I principali punti di forza e di debolezza del Distretto possono essere riassunti come segue: in particolare le ottime competenze tecnico-produttive, riconosciute ormai a livello internazionale, costituiscono un elemento di attrazione per le lavorazioni di alta gamma, come testimoniato dai sempre più frequenti rapporti diretti con i gradi marchi della moda. Accanto a questo tipo di attività c’è anche una produzione con marchio proprio sempre per una fascia di mercato medio-alta, rivolta prevalentemente ai mercati esteri.

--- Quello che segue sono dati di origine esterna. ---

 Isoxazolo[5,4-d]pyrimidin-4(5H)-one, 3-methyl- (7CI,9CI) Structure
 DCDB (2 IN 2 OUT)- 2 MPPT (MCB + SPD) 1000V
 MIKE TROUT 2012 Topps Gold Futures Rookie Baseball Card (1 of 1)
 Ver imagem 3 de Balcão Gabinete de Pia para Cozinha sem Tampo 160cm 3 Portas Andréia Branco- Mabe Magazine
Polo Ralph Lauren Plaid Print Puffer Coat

Elementi di debolezza sono abbastanza comuni ad altre realtà distrettuali: a parte poche eccezioni, in generale le imprese presentano una dimensione media ridotta, non sempre riescono ad effettuare gli investimenti necessari per aumentare la competitività, tutela del made in Italy e effetti distorsivi causati dai diversi regimi doganali per i quali non sempre vige il principio di reciprocità, presidio stabile dei mercati esteri e commercializzazione diretta dei prodotti, gestione finanziaria ed accesso al credito, infrastrutture.

Le industrie tessile, dell’abbigliamento e della pelletteria e calzature costituiscono in termini di valore aggiunto il 5,2% dell’economia regionale e il 29,5% della sua componente manifatturiera. Rispetto al totale italiano del settore, il comparto toscano pesa il 22,1% in termini di valore aggiunto e il 21,1% in termini di produzione. Nel confronto con le principali regioni, la Toscana, fortemente specializzata nei settori della moda, è seconda soltanto alla Lombardia (23,0%), la cui economia è però molto più grande e composita, e davanti al Veneto (16,3%).

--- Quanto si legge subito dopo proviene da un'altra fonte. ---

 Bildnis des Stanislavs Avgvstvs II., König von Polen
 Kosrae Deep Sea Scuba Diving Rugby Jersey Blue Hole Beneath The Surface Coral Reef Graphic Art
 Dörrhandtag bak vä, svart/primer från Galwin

La moda toscana, come quella delle altre regioni italiane, trae buona parte dei propri ricavi dalle vendite estere. Si tratta, in realtà, di uno dei comparti manifatturieri caratterizzati dalla maggiore apertura all’esterno. Oltre l’80% delle vendite realizzate dal settore (esclusa la gioielleria) sono realizzate sui mercati interregionali e, soprattutto, internazionali. Le industrie della moda “esportano” alle altre regioni italiane il 33,9% e all’estero il 47,0% delle proprie produzioni. Rispetto a Lombardia e Veneto, la moda toscana è (leggermente) meno (direttamente) proiettata sui mercati internazionali; e molto più esposta sugli altri mercati regionali.

Gli andamenti aggregati del sistema moda dipingono un quadro di forte protagonismo del macrosettore nell’economia regionale toscana, su più fronti macroeconomici e in confronto con due delle regioni italiane più forti come la Lombardia e il Veneto. Nonostante il forte impatto della crisi proprio sulla manifattura Made in Italy, successivamente alla prima ondata che ha colpito i mercati internazionali, si può affermare che la moda toscana ha dato un impulso fondamentale alla ripresa dell’economia regionale, sostenendo significativamente la produzione di ricchezza interna.

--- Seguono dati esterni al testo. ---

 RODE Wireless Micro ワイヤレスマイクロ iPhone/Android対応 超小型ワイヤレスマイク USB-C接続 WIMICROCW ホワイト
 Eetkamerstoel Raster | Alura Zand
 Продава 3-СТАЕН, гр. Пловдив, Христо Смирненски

Secondo IRPET Toscana (2019), è innegabile che sia la pelletteria il comparto manifatturiero più in salute dell’economia toscana: la manifattura legata alla moda in Toscana rimane quindi il cuore della produzione industriale regionale, sebbene esca modificata dai processi di trasformazione degli ultimi decenni. A fronte di una contrazione generale di unità locali e addetti, si consolida il ruolo di traino delle lavorazioni della pelle (concia e pelletteria) e dell’abbigliamento, con una recente tenuta anche delle specializzazioni che più hanno sofferto i processi di globalizzazione come le calzature e il tessile e una ristrutturazione della gioielleria.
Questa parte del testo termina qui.